Task prompt: Repeat all of the material exactly, with no line missing.

Information given:
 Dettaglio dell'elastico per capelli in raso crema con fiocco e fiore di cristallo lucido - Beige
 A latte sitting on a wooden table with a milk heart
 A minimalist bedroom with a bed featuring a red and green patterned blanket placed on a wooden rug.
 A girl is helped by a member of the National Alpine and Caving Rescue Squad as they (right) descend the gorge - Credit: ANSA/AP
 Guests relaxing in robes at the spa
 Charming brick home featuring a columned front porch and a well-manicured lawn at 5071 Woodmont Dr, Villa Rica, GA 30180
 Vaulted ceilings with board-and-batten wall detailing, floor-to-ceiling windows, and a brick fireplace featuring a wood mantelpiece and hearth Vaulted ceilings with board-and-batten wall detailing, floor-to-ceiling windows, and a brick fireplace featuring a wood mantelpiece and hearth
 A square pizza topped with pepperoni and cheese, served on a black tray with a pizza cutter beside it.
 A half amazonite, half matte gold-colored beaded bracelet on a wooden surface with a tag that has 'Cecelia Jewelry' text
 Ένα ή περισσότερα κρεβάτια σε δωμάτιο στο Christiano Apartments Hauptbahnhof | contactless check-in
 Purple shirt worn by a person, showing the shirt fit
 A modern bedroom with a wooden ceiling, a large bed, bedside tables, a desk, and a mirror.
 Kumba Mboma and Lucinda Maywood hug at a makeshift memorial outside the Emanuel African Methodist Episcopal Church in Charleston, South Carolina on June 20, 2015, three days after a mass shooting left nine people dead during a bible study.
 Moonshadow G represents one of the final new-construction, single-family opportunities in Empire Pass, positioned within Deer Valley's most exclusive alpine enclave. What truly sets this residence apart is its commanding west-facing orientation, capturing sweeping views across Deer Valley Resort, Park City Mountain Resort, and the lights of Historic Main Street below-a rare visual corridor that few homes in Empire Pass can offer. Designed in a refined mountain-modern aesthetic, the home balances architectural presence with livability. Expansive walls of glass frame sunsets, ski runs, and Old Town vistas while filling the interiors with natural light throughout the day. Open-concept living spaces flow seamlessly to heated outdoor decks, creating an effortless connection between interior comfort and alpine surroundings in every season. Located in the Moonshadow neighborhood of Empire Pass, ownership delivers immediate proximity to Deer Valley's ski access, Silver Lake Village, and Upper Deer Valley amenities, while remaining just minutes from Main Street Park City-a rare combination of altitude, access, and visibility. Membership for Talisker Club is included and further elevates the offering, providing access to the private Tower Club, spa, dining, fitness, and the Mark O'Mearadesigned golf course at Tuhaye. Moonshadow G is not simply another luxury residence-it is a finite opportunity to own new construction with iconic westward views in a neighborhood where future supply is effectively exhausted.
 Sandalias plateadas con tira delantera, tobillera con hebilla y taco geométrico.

Result of this exercise:
 Dettaglio dell'elastico per capelli in raso crema con fiocco e fiore di cristallo lucido - Beige
 A latte sitting on a wooden table with a milk heart
 A minimalist bedroom with a bed featuring a red and green patterned blanket placed on a wooden rug.
 A girl is helped by a member of the National Alpine and Caving Rescue Squad as they (right) descend the gorge - Credit: ANSA/AP
 Guests relaxing in robes at the spa
 Charming brick home featuring a columned front porch and a well-manicured lawn at 5071 Woodmont Dr, Villa Rica, GA 30180
 Vaulted ceilings with board-and-batten wall detailing, floor-to-ceiling windows, and a brick fireplace featuring a wood mantelpiece and hearth Vaulted ceilings with board-and-batten wall detailing, floor-to-ceiling windows, and a brick fireplace featuring a wood mantelpiece and hearth
 A square pizza topped with pepperoni and cheese, served on a black tray with a pizza cutter beside it.
 A half amazonite, half matte gold-colored beaded bracelet on a wooden surface with a tag that has 'Cecelia Jewelry' text
 Ένα ή περισσότερα κρεβάτια σε δωμάτιο στο Christiano Apartments Hauptbahnhof | contactless check-in
 Purple shirt worn by a person, showing the shirt fit
 A modern bedroom with a wooden ceiling, a large bed, bedside tables, a desk, and a mirror.
 Kumba Mboma and Lucinda Maywood hug at a makeshift memorial outside the Emanuel African Methodist Episcopal Church in Charleston, South Carolina on June 20, 2015, three days after a mass shooting left nine people dead during a bible study.
 Moonshadow G represents one of the final new-construction, single-family opportunities in Empire Pass, positioned within Deer Valley's most exclusive alpine enclave. What truly sets this residence apart is its commanding west-facing orientation, capturing sweeping views across Deer Valley Resort, Park City Mountain Resort, and the lights of Historic Main Street below-a rare visual corridor that few homes in Empire Pass can offer. Designed in a refined mountain-modern aesthetic, the home balances architectural presence with livability. Expansive walls of glass frame sunsets, ski runs, and Old Town vistas while filling the interiors with natural light throughout the day. Open-concept living spaces flow seamlessly to heated outdoor decks, creating an effortless connection between interior comfort and alpine surroundings in every season. Located in the Moonshadow neighborhood of Empire Pass, ownership delivers immediate proximity to Deer Valley's ski access, Silver Lake Village, and Upper Deer Valley amenities, while remaining just minutes from Main Street Park City-a rare combination of altitude, access, and visibility. Membership for Talisker Club is included and further elevates the offering, providing access to the private Tower Club, spa, dining, fitness, and the Mark O'Mearadesigned golf course at Tuhaye. Moonshadow G is not simply another luxury residence-it is a finite opportunity to own new construction with iconic westward views in a neighborhood where future supply is effectively exhausted.
 Sandalias plateadas con tira delantera, tobillera con hebilla y taco geométrico.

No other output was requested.